Short Documents (tweets, titles)

# Less length normalization needed
engine = VajraSearchOptimized(corpus, k1=1.2, b=0.3)

Long Documents (articles, papers)

# More length normalization
engine = VajraSearchOptimized(corpus, k1=1.5, b=0.75)

Technical/Scientific Corpus

# Standard parameters usually work well
engine = VajraSearchOptimized(corpus, k1=1.5, b=0.75)

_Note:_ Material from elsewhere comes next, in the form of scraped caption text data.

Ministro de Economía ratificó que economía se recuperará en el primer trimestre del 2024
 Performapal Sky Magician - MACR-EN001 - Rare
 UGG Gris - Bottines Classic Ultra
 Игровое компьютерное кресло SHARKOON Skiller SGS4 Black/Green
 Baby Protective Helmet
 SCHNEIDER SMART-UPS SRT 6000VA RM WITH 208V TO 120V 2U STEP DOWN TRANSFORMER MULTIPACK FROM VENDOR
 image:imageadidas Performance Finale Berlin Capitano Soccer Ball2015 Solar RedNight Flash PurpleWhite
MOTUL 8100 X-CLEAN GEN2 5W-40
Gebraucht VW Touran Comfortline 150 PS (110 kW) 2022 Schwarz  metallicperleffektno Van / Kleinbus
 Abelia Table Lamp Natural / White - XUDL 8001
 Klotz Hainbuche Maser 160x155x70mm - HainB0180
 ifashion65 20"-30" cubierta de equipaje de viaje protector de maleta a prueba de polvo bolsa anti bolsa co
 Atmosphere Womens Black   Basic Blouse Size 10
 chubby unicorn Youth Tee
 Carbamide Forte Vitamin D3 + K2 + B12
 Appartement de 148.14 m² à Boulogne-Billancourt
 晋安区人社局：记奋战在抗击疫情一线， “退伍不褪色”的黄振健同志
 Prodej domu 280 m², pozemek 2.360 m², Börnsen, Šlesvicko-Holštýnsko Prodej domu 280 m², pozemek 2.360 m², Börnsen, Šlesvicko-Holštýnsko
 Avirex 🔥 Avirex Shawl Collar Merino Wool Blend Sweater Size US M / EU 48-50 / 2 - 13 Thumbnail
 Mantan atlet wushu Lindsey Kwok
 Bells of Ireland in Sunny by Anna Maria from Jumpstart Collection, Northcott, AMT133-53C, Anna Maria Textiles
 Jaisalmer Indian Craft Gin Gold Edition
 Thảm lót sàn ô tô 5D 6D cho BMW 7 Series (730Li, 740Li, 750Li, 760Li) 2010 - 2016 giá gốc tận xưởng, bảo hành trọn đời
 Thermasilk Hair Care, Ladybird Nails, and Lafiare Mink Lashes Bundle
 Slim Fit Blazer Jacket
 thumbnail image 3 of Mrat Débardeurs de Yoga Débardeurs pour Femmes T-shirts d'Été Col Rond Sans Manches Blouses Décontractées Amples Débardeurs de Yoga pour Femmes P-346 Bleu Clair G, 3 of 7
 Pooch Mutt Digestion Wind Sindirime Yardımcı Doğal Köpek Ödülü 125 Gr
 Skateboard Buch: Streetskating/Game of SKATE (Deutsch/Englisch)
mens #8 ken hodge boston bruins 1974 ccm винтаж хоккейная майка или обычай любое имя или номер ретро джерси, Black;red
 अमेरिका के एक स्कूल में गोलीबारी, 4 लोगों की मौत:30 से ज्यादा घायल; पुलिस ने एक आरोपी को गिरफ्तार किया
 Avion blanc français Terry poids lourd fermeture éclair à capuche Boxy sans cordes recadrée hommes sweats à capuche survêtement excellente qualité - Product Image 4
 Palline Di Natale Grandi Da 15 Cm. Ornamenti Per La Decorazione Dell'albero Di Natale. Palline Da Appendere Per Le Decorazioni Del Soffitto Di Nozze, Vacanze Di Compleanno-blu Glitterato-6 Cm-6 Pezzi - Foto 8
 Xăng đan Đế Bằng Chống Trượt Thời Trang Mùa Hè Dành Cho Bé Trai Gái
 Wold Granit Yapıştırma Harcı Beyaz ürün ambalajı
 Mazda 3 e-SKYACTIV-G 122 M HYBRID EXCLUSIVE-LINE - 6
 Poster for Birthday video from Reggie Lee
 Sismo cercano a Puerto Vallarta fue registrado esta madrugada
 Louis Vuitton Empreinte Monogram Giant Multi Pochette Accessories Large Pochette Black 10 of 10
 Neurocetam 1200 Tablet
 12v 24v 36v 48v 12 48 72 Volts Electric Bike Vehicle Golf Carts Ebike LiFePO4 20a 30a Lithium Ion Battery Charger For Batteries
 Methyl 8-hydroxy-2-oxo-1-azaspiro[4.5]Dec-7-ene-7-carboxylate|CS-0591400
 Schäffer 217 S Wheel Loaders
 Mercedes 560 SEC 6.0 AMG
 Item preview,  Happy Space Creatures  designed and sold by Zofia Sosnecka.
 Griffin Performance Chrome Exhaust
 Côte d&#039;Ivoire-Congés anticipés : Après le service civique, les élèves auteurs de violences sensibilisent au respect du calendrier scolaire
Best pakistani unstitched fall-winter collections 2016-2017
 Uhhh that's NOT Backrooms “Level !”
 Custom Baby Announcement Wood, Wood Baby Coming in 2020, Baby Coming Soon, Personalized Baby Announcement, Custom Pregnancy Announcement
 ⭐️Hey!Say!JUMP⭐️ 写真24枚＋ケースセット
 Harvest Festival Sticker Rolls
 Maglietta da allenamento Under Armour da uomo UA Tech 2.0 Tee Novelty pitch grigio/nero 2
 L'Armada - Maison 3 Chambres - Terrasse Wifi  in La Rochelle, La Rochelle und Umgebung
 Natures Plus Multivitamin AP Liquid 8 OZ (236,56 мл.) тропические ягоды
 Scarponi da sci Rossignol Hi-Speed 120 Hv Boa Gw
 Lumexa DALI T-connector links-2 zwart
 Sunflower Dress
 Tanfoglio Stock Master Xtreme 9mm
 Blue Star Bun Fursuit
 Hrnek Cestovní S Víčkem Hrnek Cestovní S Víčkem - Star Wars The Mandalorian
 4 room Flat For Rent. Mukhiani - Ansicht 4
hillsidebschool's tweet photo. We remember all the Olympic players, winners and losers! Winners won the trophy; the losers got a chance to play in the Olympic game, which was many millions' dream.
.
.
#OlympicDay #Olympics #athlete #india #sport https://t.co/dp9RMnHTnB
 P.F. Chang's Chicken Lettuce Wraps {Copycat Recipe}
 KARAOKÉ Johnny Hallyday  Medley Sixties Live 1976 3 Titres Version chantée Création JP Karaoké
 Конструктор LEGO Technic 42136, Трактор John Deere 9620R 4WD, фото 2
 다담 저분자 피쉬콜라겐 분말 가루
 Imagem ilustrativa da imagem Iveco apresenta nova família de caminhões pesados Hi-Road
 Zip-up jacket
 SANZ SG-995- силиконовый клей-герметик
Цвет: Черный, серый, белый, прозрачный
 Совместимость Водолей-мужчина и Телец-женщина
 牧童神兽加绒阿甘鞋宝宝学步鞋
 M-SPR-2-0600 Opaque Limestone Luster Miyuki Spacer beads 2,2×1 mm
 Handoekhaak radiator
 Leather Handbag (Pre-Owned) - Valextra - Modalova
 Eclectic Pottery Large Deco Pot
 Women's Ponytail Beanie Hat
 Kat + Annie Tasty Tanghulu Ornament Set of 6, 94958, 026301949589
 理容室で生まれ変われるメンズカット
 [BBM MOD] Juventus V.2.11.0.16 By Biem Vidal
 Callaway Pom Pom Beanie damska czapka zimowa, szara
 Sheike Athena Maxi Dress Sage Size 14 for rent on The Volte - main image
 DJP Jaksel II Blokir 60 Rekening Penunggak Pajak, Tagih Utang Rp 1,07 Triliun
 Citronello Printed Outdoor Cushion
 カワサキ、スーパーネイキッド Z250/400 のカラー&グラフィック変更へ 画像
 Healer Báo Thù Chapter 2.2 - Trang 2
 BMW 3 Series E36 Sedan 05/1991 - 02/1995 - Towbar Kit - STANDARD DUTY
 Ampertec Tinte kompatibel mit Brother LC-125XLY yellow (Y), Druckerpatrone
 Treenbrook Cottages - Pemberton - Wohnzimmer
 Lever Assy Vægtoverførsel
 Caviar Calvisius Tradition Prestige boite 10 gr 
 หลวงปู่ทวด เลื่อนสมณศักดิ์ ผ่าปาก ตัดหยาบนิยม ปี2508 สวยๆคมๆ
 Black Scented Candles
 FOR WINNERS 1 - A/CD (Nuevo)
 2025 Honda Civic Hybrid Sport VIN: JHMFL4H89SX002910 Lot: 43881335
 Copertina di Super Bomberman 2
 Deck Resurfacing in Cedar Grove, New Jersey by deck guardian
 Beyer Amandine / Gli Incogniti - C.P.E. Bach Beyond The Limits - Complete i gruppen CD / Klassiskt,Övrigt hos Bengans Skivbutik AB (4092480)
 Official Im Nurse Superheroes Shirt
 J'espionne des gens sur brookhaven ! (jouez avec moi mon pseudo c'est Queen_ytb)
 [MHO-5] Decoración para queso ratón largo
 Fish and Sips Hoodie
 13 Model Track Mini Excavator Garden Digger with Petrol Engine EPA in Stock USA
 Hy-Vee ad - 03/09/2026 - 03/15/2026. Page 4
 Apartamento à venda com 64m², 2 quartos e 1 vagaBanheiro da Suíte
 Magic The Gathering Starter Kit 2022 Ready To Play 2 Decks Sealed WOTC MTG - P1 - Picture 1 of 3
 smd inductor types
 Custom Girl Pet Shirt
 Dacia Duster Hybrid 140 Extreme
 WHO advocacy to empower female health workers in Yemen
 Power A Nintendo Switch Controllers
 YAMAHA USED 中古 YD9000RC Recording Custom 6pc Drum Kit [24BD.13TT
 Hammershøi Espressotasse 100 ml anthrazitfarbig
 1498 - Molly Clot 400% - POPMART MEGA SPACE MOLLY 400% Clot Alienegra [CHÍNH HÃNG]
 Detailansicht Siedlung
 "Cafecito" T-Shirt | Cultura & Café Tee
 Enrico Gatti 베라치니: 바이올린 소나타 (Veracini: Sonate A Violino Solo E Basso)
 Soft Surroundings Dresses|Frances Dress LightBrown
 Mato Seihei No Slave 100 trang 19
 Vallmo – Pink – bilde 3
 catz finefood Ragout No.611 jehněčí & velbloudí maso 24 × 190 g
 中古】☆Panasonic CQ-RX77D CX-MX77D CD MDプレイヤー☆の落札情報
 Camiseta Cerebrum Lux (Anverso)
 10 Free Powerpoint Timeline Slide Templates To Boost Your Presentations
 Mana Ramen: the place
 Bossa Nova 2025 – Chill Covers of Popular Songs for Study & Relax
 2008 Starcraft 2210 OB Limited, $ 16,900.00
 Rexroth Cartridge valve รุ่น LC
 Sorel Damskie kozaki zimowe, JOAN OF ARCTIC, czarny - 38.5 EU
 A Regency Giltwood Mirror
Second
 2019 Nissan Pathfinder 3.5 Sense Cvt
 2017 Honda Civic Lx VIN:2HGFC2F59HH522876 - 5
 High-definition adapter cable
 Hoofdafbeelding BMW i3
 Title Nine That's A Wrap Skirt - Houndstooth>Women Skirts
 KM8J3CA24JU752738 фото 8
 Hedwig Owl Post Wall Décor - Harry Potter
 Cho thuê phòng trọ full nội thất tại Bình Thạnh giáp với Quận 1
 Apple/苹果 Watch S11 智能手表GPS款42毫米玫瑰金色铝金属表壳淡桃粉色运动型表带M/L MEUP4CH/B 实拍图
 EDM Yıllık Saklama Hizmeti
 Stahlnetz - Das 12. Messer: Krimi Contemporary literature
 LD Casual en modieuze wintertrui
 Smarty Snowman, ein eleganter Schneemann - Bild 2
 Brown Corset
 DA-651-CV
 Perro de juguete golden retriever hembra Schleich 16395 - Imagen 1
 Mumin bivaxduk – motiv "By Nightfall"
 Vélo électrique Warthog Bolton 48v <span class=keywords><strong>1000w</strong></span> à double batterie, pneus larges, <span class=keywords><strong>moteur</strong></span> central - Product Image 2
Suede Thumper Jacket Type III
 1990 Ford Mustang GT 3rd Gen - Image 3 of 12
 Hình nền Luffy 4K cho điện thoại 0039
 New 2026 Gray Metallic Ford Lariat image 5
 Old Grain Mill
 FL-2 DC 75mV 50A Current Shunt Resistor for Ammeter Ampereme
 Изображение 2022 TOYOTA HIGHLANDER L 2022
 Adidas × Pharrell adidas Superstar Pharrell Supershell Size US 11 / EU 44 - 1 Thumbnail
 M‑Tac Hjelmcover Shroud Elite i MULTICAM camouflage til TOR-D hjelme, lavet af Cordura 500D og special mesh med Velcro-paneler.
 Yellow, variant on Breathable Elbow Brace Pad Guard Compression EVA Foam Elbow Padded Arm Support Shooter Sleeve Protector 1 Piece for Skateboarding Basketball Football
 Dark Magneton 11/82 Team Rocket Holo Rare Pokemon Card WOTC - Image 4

Web Search (mixed lengths)

# Balanced approach
engine = VajraSearchOptimized(corpus, k1=1.2, b=0.75)

Experimentation

The best parameters depend on your corpus. Use evaluation metrics to tune:

def evaluate_parameters(corpus, queries, relevant_docs, k1, b):
    engine = VajraSearchOptimized(corpus, k1=k1, b=b)

    total_recall = 0
    for query, relevant in zip(queries, relevant_docs):
        results = engine.search(query, top_k=10)
        retrieved = {r.document.id for r in results}
        recall = len(retrieved & relevant) / len(relevant)
        total_recall += recall

    return total_recall / len(queries)

# Grid search
for k1 in [1.0, 1.2, 1.5, 2.0]:
    for b in [0.5, 0.75, 1.0]:
        score = evaluate_parameters(corpus, queries, relevant, k1, b)
        print(f"k1={k1}, b={b}: Recall@10 = {score:.3f}")